The justices usually order the other side in an emergency appeal to respond in a few days or a week. But in this case, they have set a deadline of April 4, without offering any explanation.
What are nationwide, or universal, injunctions?
The standard practice in U.S. courts is that a judge issues an order that gives only the people who sued what they want. As the name suggests, nationwide injunctions go well beyond the parties to a case and apply everywhere and to everyone who might be affected.
There is a scholarly dispute over when the first nationwide injunctions were issued, but there is no disagreement that they started increasing in frequency during the Obama administration and have only grown in number since.
One reason for the growth in these broad orders may be a corresponding increase in executive action.
In 2015, for instance, a judge in Texas blocked President Barack Obama's program to protect immigrant parents of U.S. children after Congress failed to pass an immigration overhaul. Shortly after Trump took office for the first time, judges initially shut down his imposition of travel restrictions on immigrants from seven Muslim-majority countries.
Shopping for judges to get a result
The Trump administration's acting top Supreme Court lawyer, Sarah Harris, described one major flaw in these court orders with universal effect. "Years of experience have shown that the Executive Branch cannot properly perform its functions if any judge anywhere can enjoin every presidential action everywhere,” Harris wrote in the emergency appeal over birthright citizenship.
Her predecessor in the Biden administration, Solicitor General Elizabeth Prelogar, struck a similar theme in high court filings last year, noting that “the government must prevail in every suit to keep its policy in force, but plaintiffs can block a federal statute or regulation nationwide with just a single lower-court victory.”

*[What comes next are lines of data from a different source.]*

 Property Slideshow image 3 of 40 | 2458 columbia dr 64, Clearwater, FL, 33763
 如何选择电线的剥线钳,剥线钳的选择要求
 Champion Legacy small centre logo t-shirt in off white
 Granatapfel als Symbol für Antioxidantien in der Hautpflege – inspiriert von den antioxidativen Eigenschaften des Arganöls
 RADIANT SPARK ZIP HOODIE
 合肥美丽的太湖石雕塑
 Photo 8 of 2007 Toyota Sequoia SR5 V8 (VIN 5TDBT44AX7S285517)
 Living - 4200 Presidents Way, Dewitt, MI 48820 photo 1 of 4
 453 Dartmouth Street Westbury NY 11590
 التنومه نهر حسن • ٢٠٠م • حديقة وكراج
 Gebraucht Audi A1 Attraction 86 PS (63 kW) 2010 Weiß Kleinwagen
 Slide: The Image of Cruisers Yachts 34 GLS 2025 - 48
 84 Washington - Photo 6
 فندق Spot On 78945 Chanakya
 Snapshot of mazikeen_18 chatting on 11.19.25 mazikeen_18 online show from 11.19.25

The issue has been exacerbated by the tendency of conservatives to seek out like-minded judges in Texas, Louisiana and Missouri, while liberals file suit in friendlier courthouses in Massachusetts, California and New York.
"You look at something like that and you think, that can't be right," Justice Elena Kagan said in 2022. "In the Trump years, people used to go to the Northern District of California, and in the Biden years, they go to Texas. It just can't be right that one district judge can stop a nationwide policy in its tracks and leave it stopped for the years that it takes to go through the normal process."
Are nationwide injunctions even legal?
At least two justices, Clarence Thomas and Neil Gorsuch have made clear they think the answer is no. Several others have suggested the injunctions raise questions the court might someday answer.
Samuel Bray, a professor at Notre Dame Law School, is a leading voice arguing that judges have no power to issue nationwide injunctions. The limits on a judge’s power remain even in the face of an obviously unconstitutional policy, Bray said.
That restraint applies even in the birthright citizenship cases, Bray wrote on the Divided Argument blog. “Any illegal act by the president should be rejected by the federal courts. But they should reject it as courts do—one case at a time, with remedies for the parties,” he wrote, citing Kagan's remarks.
People challenging the executive order could file a class-action lawsuit, which would have broader application. Indeed, an American Civil Liberties Union lawyer representing immigration advocates and individuals in a case in New Hampshire told a judge that the ACLU was considering a nationwide class action.
But the group's lawyer, Cody Wofsy, pointed out what might happen in the interim, if the Supreme Court agrees to the administration's request. "Children would be exposed to all the harms we’ve talked about immediately,” Wofsy said.
Amanda Frost, a professor at the University of Virginia School of Law, thinks the Supreme Court could be open to addressing the broader issue at some point because judges impose nationwide injunctions too often.
But birthright citizenship would be a terrible issue on which to do so, Frost said.
“It would create a burden on people at a moment in their lives when they’re entering into the labor delivery room...And then you create a patchwork across the United States, incentivizing pregnant women to leave for a state that recognizes birthright citizenship,” she said.
She added: “You think about the chaos that would play out.”